BEGIN Data in this exercise

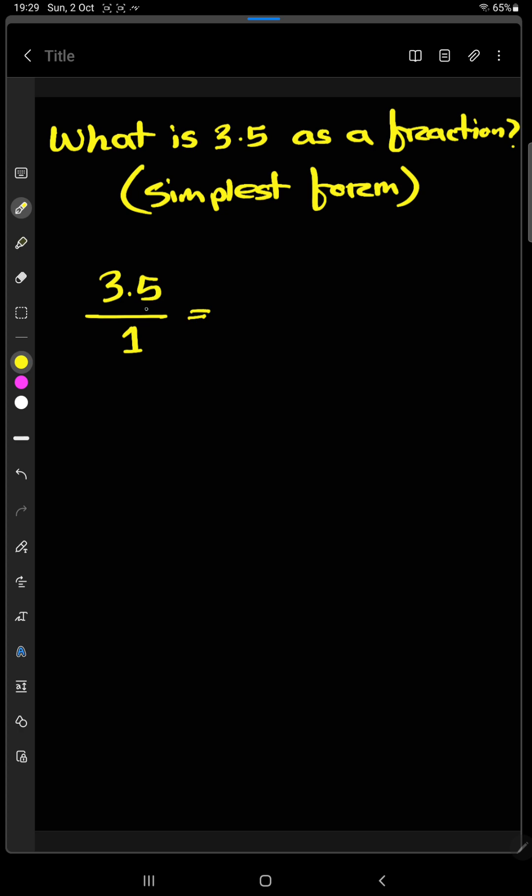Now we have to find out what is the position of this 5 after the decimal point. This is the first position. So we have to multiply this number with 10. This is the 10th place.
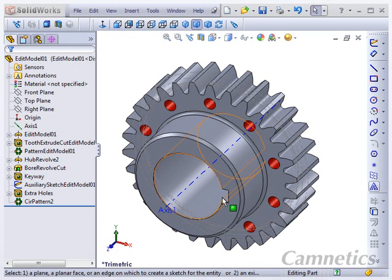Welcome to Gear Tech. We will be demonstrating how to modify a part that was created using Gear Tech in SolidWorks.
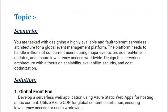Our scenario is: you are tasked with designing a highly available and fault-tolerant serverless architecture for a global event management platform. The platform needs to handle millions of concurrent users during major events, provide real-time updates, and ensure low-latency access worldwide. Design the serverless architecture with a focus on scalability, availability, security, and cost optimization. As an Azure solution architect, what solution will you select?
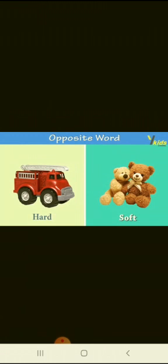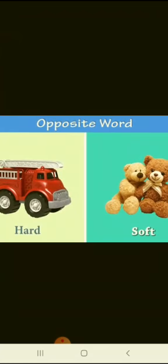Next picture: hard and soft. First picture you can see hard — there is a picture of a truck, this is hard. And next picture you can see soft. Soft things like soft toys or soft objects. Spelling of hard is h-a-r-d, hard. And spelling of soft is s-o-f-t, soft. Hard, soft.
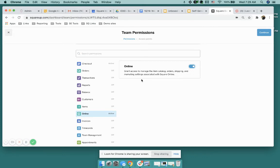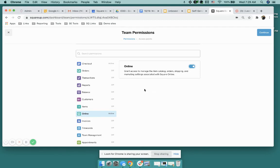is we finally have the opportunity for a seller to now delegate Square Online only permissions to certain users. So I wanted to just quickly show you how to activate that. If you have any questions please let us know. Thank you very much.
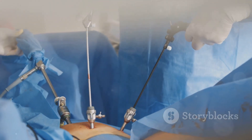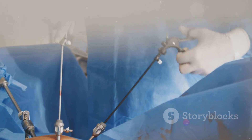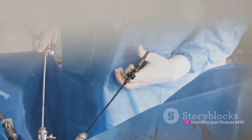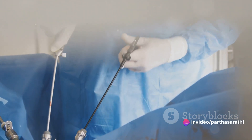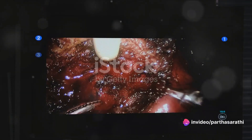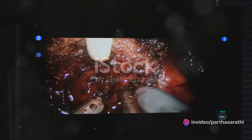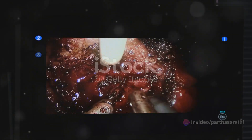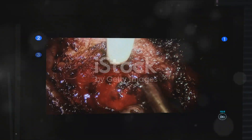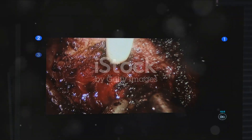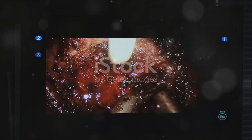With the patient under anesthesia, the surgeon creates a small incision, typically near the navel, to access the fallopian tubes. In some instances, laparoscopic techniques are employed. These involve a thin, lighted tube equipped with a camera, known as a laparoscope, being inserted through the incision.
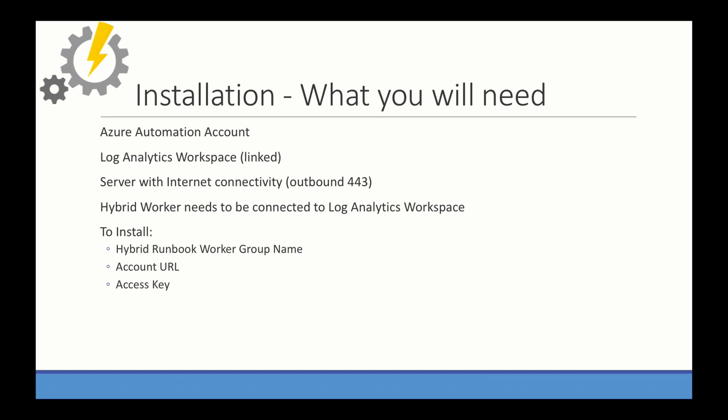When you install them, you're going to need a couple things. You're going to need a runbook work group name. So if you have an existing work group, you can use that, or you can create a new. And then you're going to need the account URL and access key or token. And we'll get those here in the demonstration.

END Data in this exercise
BEGIN Data in this exercise

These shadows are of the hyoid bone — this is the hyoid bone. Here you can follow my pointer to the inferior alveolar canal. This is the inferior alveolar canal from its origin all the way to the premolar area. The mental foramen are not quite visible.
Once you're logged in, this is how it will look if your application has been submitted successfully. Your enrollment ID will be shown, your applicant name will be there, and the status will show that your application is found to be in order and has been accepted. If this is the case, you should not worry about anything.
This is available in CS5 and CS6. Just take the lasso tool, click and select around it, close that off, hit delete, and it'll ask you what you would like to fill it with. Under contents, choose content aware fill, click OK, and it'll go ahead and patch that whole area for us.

END Data in this exercise
BEGIN Data in this exercise

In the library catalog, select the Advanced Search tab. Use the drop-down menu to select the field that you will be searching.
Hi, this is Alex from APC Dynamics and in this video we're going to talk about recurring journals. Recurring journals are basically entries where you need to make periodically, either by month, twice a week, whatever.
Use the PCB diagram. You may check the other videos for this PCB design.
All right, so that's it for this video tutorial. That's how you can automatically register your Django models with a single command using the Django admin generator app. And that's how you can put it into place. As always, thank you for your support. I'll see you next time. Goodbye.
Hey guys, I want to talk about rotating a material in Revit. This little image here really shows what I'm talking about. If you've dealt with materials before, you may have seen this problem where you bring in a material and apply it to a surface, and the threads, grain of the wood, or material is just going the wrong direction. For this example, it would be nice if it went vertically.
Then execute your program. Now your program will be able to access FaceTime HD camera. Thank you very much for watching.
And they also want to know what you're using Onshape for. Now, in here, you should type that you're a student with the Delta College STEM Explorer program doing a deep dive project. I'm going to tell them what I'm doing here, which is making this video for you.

END Data in this exercise

- _Work to complete_
Determine how many lines of the records contain the word "from". Reply with the number by itself.

- _Solved problem_
2